What kind of paper is this?
This is a Method paper.
It identifies a specific failure mode in existing neural network methodologies (least-squares regression on multi-valued inverse problems) and proposes a novel architecture (combining MLPs with Mixture Models) to solve it. It derives the mathematical framework for training this architecture via standard back-propagation and validates it against the established baseline.
What is the motivation?
Standard neural networks trained with sum-of-squares (MSE) or cross-entropy error functions approximate the conditional average of the target data, $\langle t|x \rangle$.
While optimal for single-valued functions or classification, this produces completely erroneous results for inverse problems where the mapping is multi-valued (one input has multiple valid outputs).
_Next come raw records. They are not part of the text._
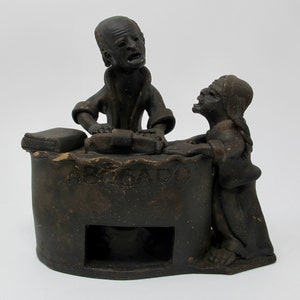 May include: A ceramic sculpture of two figures, one standing and one seated, with the word "ABOGADO" inscribed on the base. The figures are dark brown and appear to be engaged in a conversation.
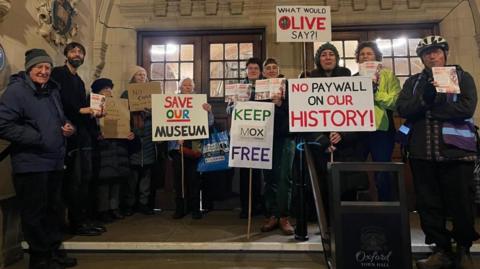 Ten protesters gather at the top of the entrance steps of the town hall. Placards include 'save our museum' and 'no paywall on our history'.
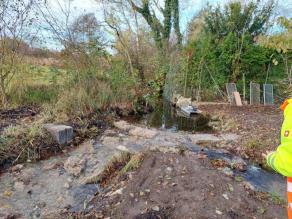 Rauhe Rampe im Bach aus Wasserbausteinen und Kies. Das Wasser fließt ohne abgelösten Wasserstrahl über die Rampe und ist durchgängig.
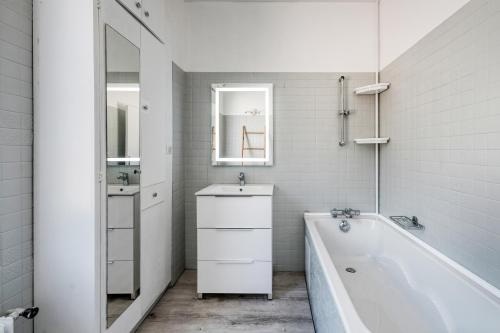 a white bathroom with a tub and a sink at Magnifique maison pleine de charme ideale jeux olympiques un kilometre de la gare in Évreux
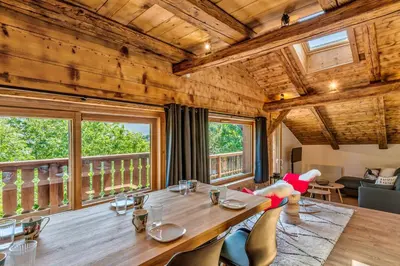 a dining room with a large wooden table and chairs at Appartement Le Mont-Blanc - Welkeys in Combloux
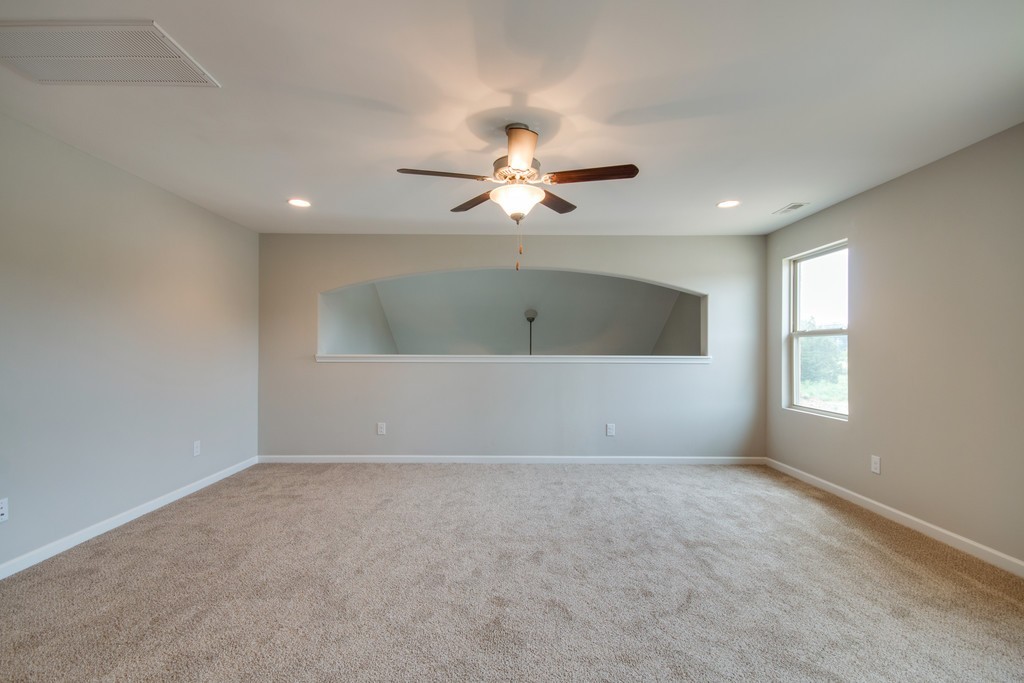 938 Hunters Lane Springfield, TN 37172 - Photo 22 of 29 an empty room with windows and chandelier fan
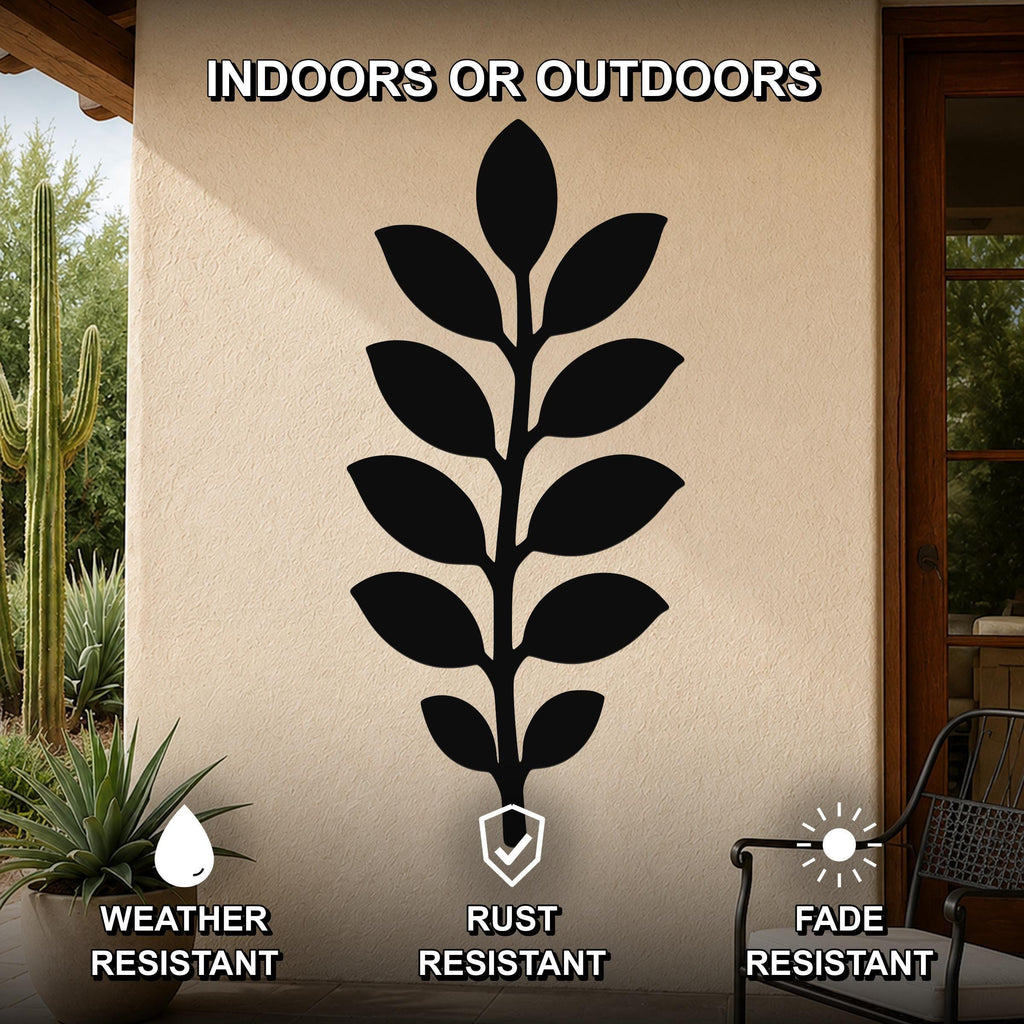 Black metal leaf wall art with a silhouette of a plant, mounted on an outdoor wall beside a patio door and potted plants.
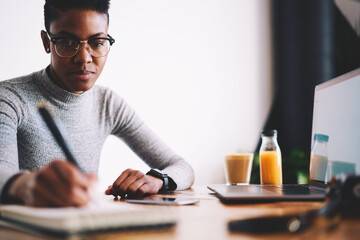 Young experienced administrative manager providing organization in office making checklist and schedule for staff members monitoring productivity of employee using laptop computer and wireless network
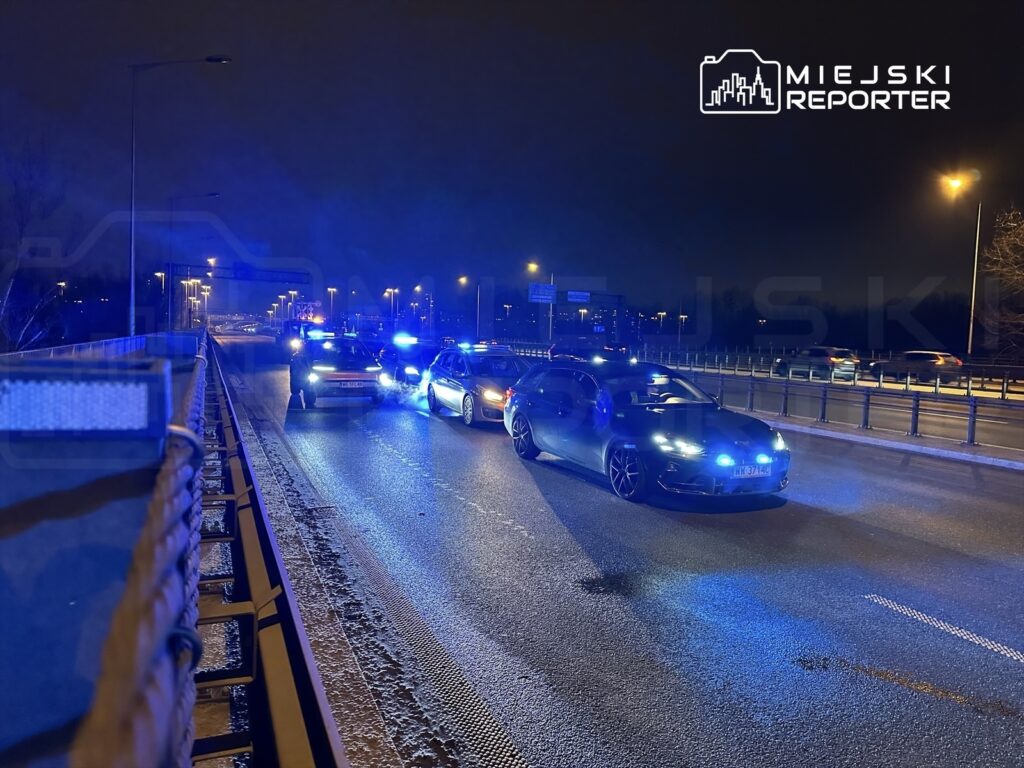 Na drodze nocą stoją samochody policyjne z włączonymi sygnałami świetlnymi, a funkcjonariusz rozmawia z kierowcą.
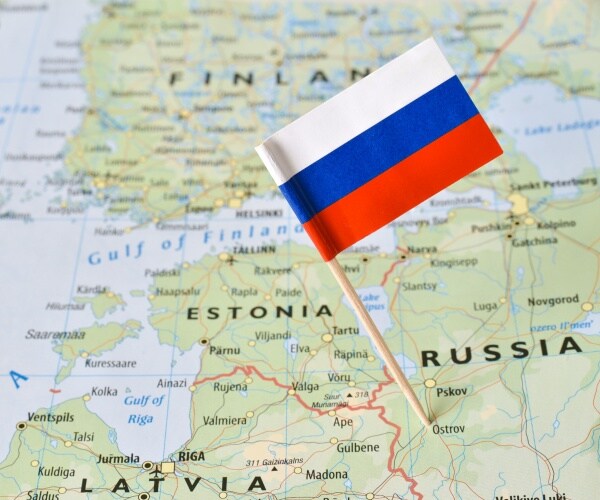 closeup shot of russia flag pin on map bordering with the baltic countries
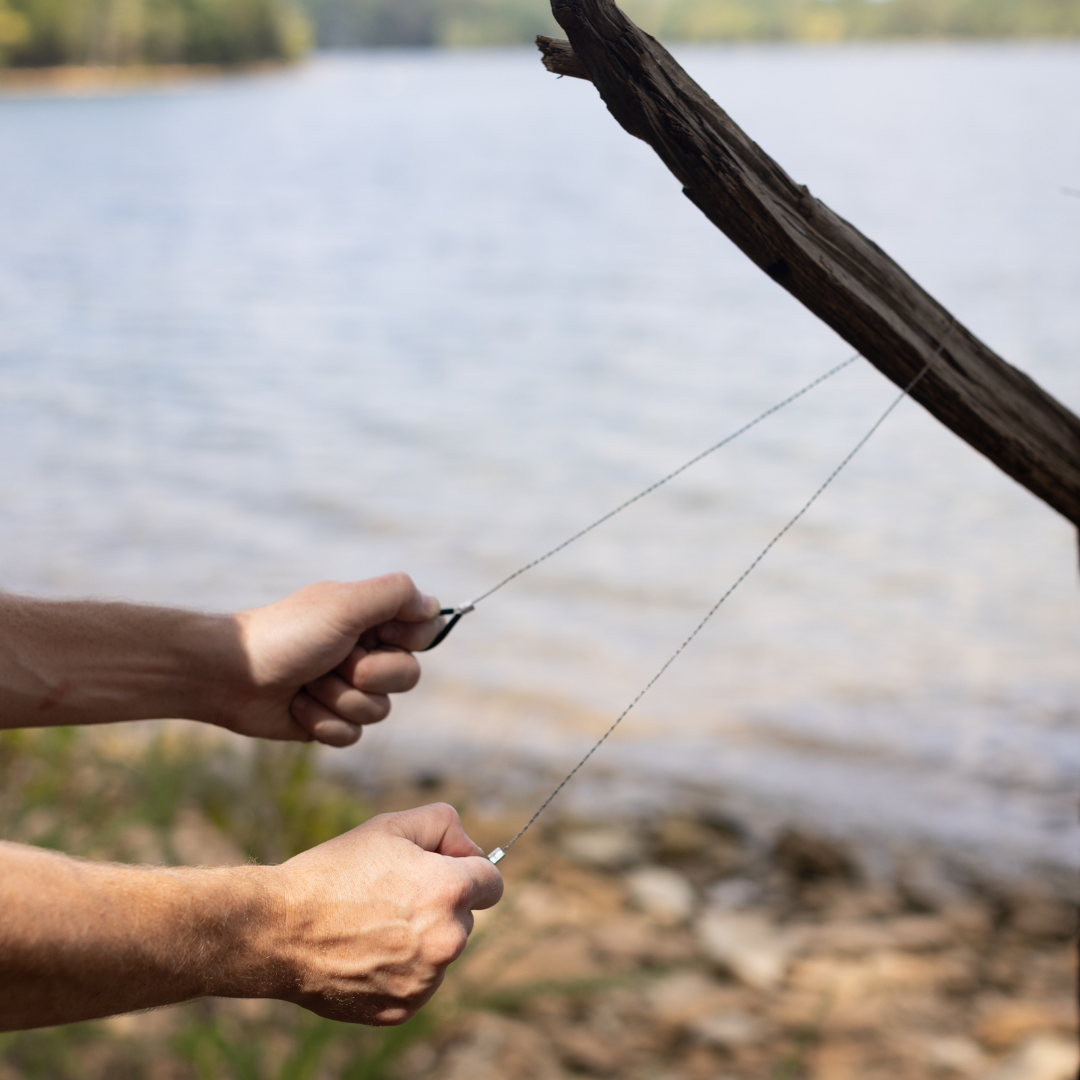 Hands using a wire saw to cut through a tree branch near a lakeshore—a must-have tool included in the Explorer Kit for outdoor adventures and exploring uncharted terrain.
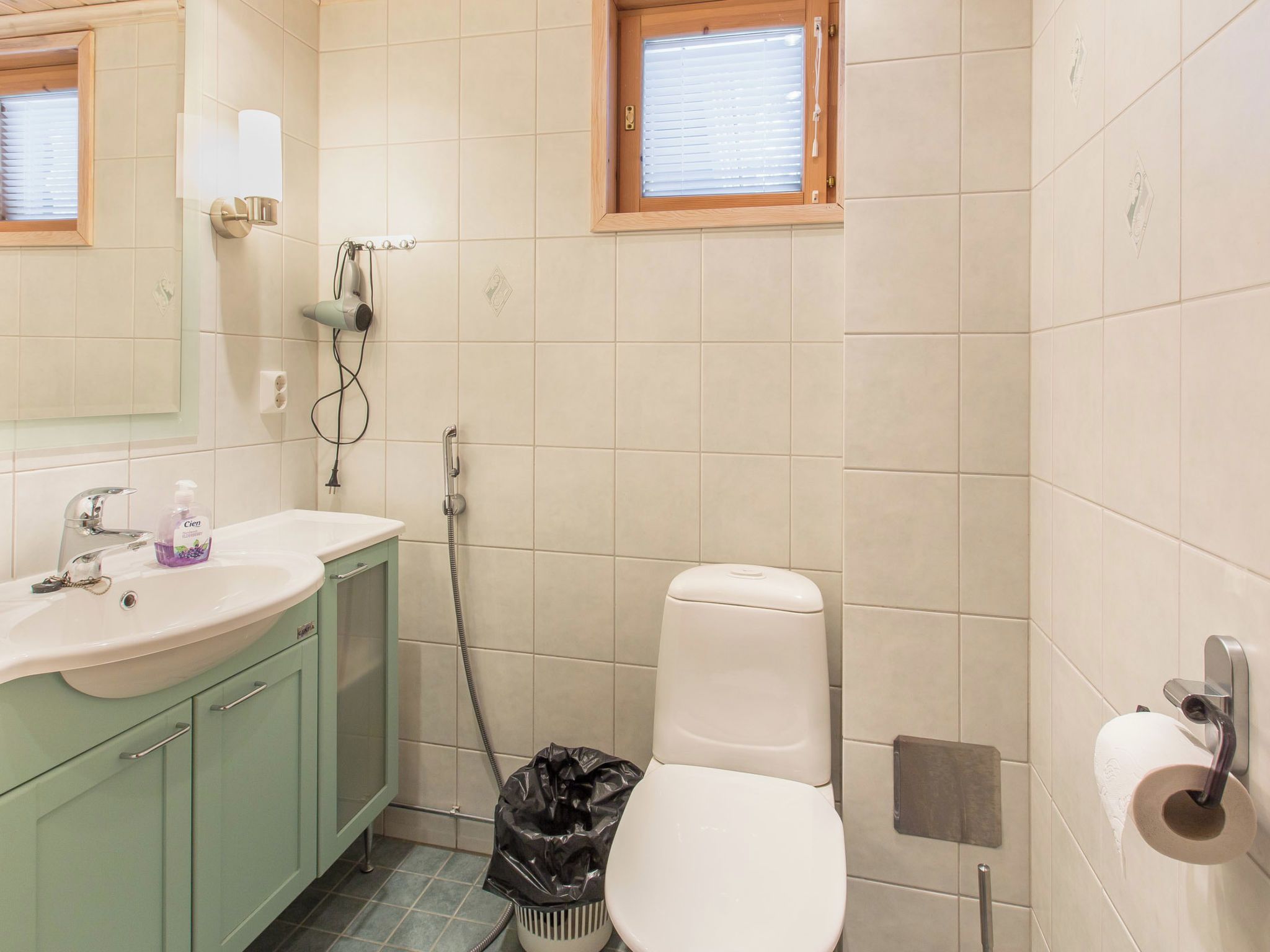 Un bagno con lavandino, specchio, water e finestra.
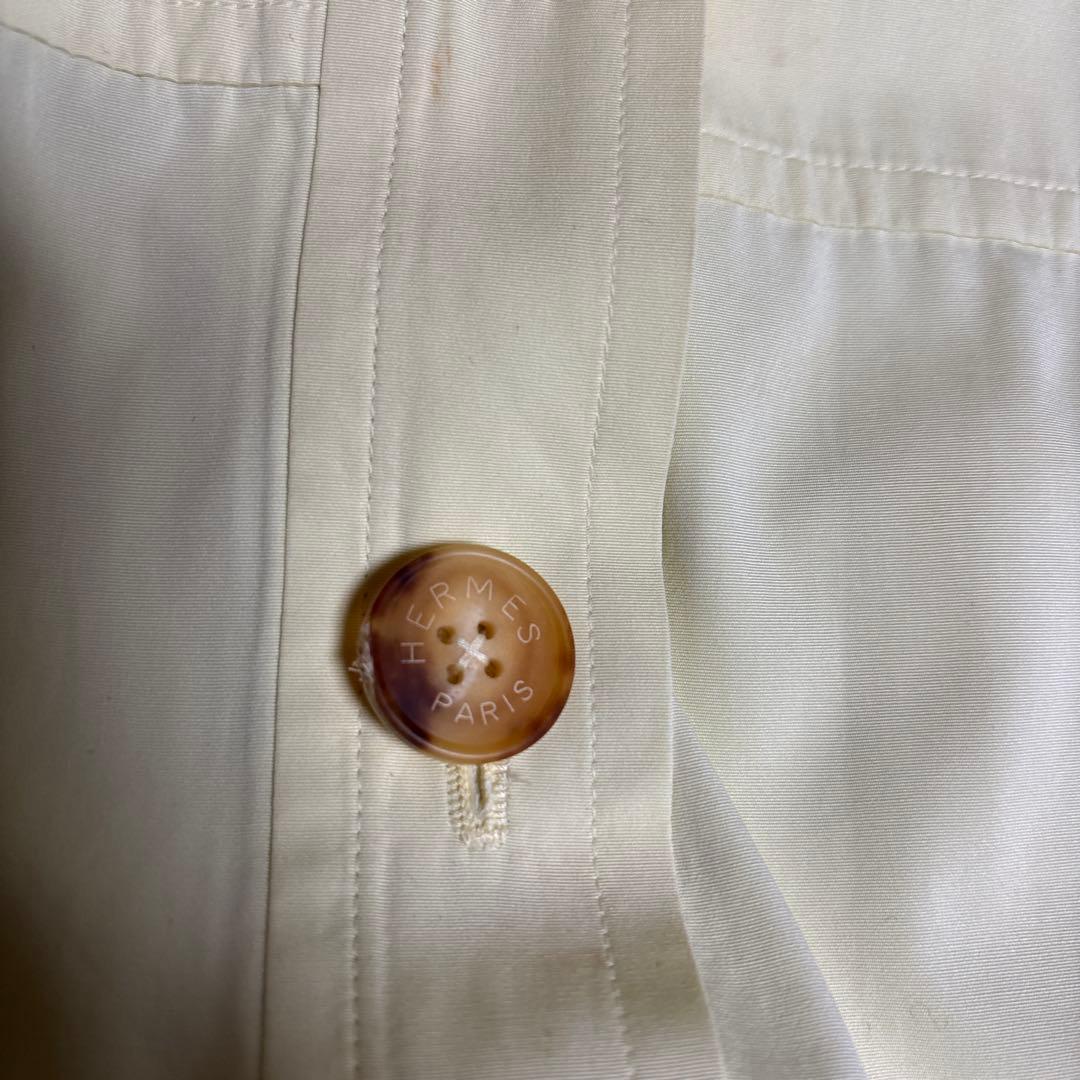 エルメス淡い黄色のトレンチコート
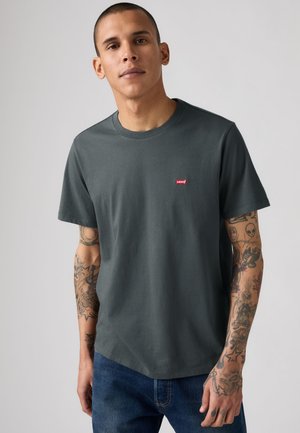 Jeune homme portant un t-shirt gris foncé Levi's et un jean bleu, montrant des tatouages détaillés couvrant les deux bras.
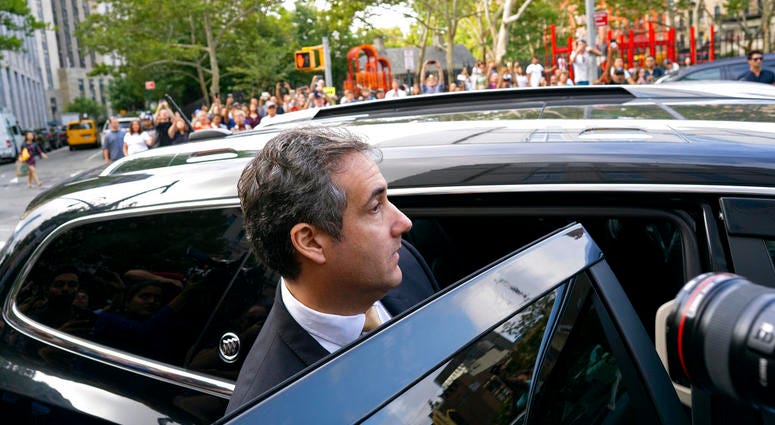 Michael Cohen, former personal lawyer to President Donald Trump, leaves federal court after reaching a plea agreement in New York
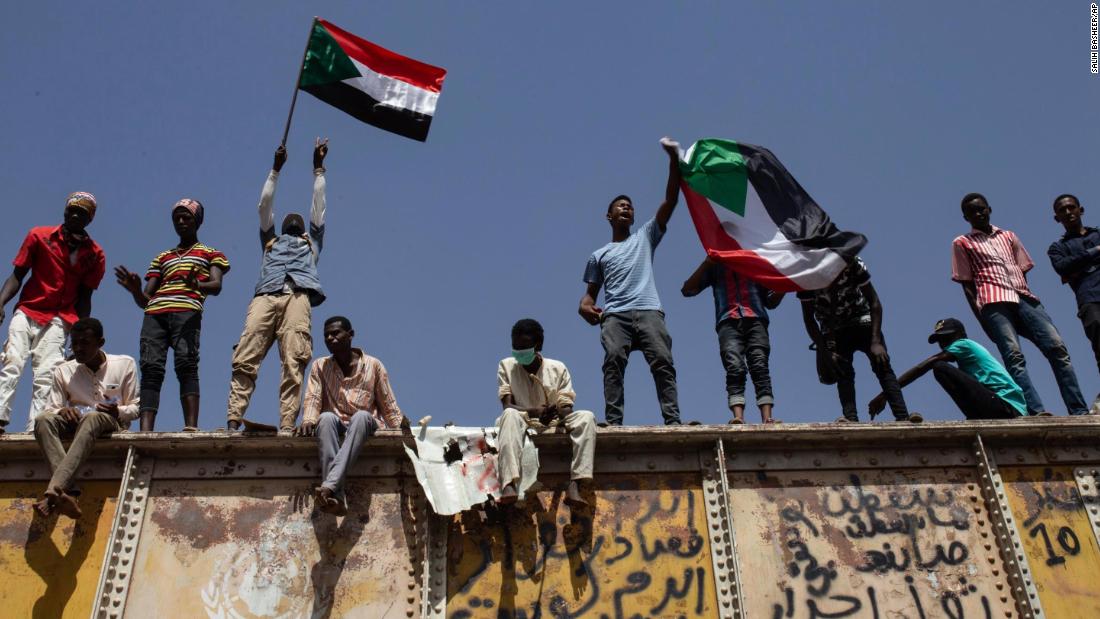 Protesters wave national flags at a sit-in outside the military headquarters in Khartoum on May 2.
For example, in robot inverse kinematics, “elbow-up” and “elbow-down” configurations can achieve the same hand position. An MSE-trained network will average these two valid angles, resulting in an invalid configuration (the paper shows this produces end-effector positions at the outer boundary of the accessible region, corresponding to $\theta_2 = \pi$).

What is the novelty here?
The introduction of the Mixture Density Network (MDN).
The neural network predicts the parameters (mixing coefficients, means, and variances) of a kernel mixture distribution (typically Gaussian).

Key technical contributions include:
- Architecture: Mapping network outputs to mixture parameters using specific activation functions to satisfy constraints (Softmax for priors $\alpha$, Exponential for variances $\sigma$).
- Training: Deriving the error function as the negative log-likelihood of the mixture model.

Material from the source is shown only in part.